I realise that I have used this photo before, but it fits today’s post so I am reusing it with apologies.

Continuing on with the topic of relationship, especially that deep relationship between two people that somehow defies common sense – romantic love.  The story is as old as human kind.  Boy meets girl, sparks fly and the world changes forever.  For the two, it is as if both have died and gone to a place of eternal bliss.  This is definitely something that has fueled movies, myths and our imaginations.  This is something that has shaped our psyche in anticipation as a western world society, an anticipation that is seeping into other cultures and societies as our western world myths travel through the media.  As I was doing something so mundane as shelling peas this morning, I was listening to the radio which played song after song that spoke to this, that celebrated and wept over romantic love.  One song in particular caught my attention, a song sung by Trace Adkins called, “This Ain’t No Thinkin’ Thing.”  I am putting the lyrics for the song here, lyrics I found here.

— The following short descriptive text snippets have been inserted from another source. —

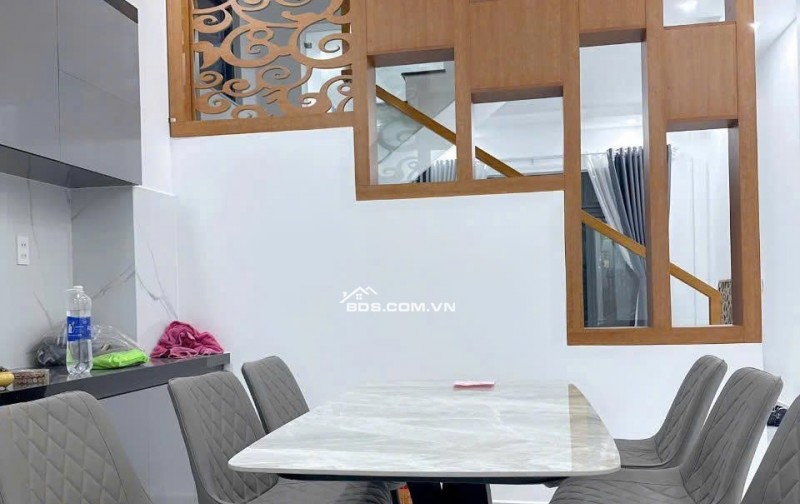 Cần bán nhà mới xây kiên cố huỳnh thúc kháng phường Xuân Hương đà lạt cách trung tâm hành chính 400m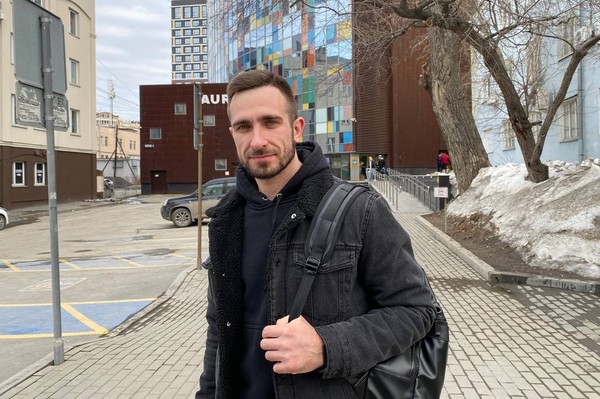 Игорь Поворознюк, pr-директор: «Желаю всем солнечной погоды» В Екатеринбурге +5 градусов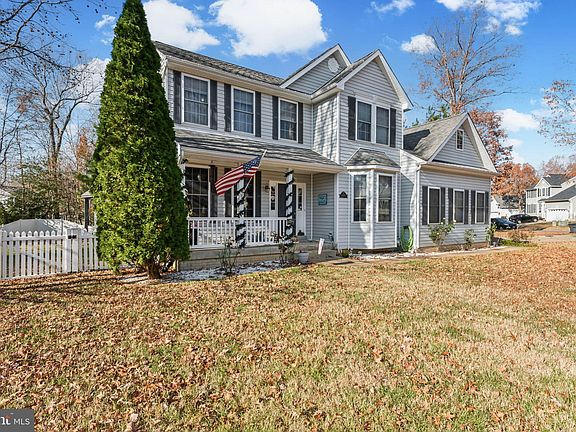 3rd image of 45889 Skipjack Dr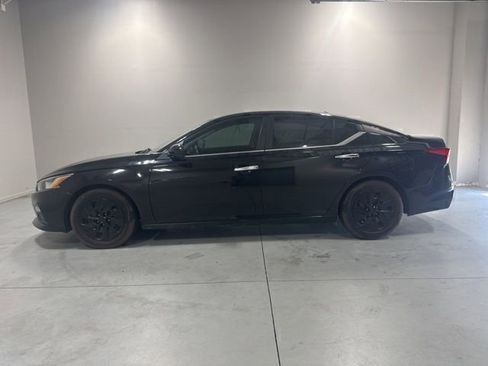 Used 2020 Nissan Altima 2.5 S FWD image 10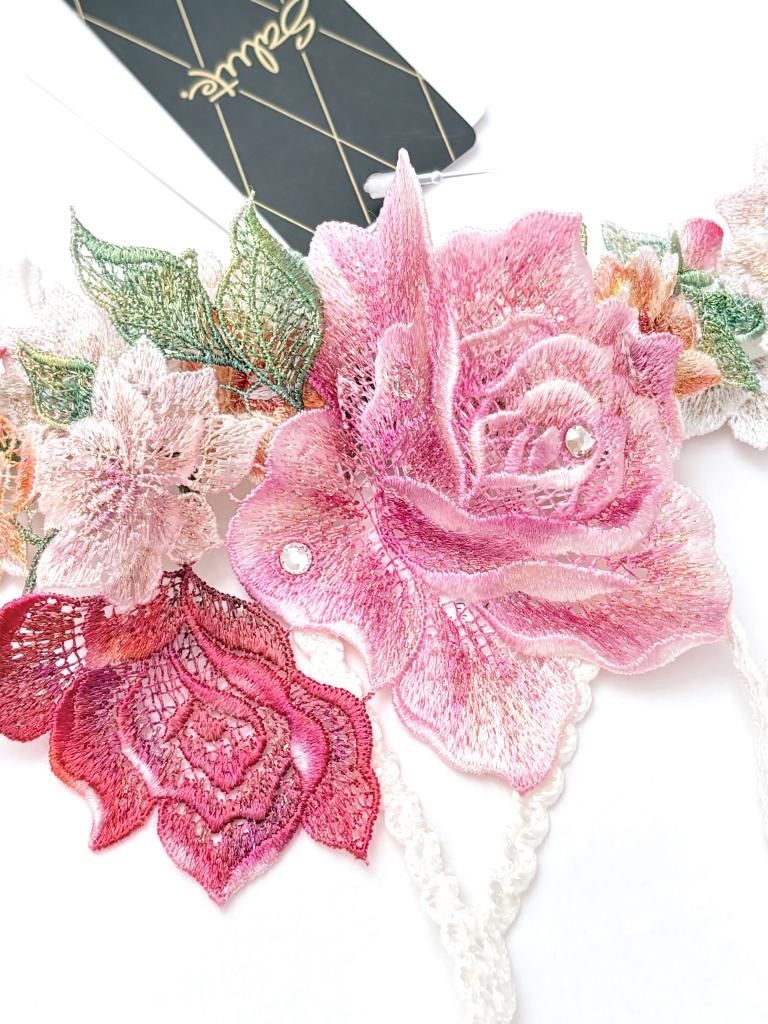 サルート ワコール ガーターベルト 09G インドの花嫁 М Wacoal - サルート 09グループ インドの花嫁 ガーターベルトM&ソングM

I been thinkin’ ’bout our love situation
All this attraction in the present tense
I’ve reached the only logical conclusion
Love ain’t supposed to make sense

(Chorus)
This ain’t no thinkin’ thing
Right brain, left brain
It goes a little deeper than that
It’s a chemical, physical, emotional devotion
Passion that we can’t hold back
There’s nothin’ that we need to analyze
There ain’t no rhyme or reason why
Cause this ain’t, this ain’t no thinkin’ thing

Forget mathematical equations
Self help psychology
Gray matter don’t matter much darlin’
When it’s gettin’ down to you and me

Listening closely, it is easy how to see where such a relationship gets into trouble when one drops the rose-coloured glasses and begins to see the real person on the other side.  Dropping the rose-coloured glasses is, of course, the withdrawing of projections.  Listening closer, one realises that becoming more conscious is the death knell of romantic love.  Does it also mean the end of relationship?  Most times, yes.  Sometimes however, what emerges is something even deeper; sometimes what emerges is an entrenchment into cohabitating seperateness where even “like” is lost in the fog of bitterness; sometimes both retreat into co-dependent unconscious clinging to what once was in fear of being alone with a “self” that is too much a stranger.  What do you think?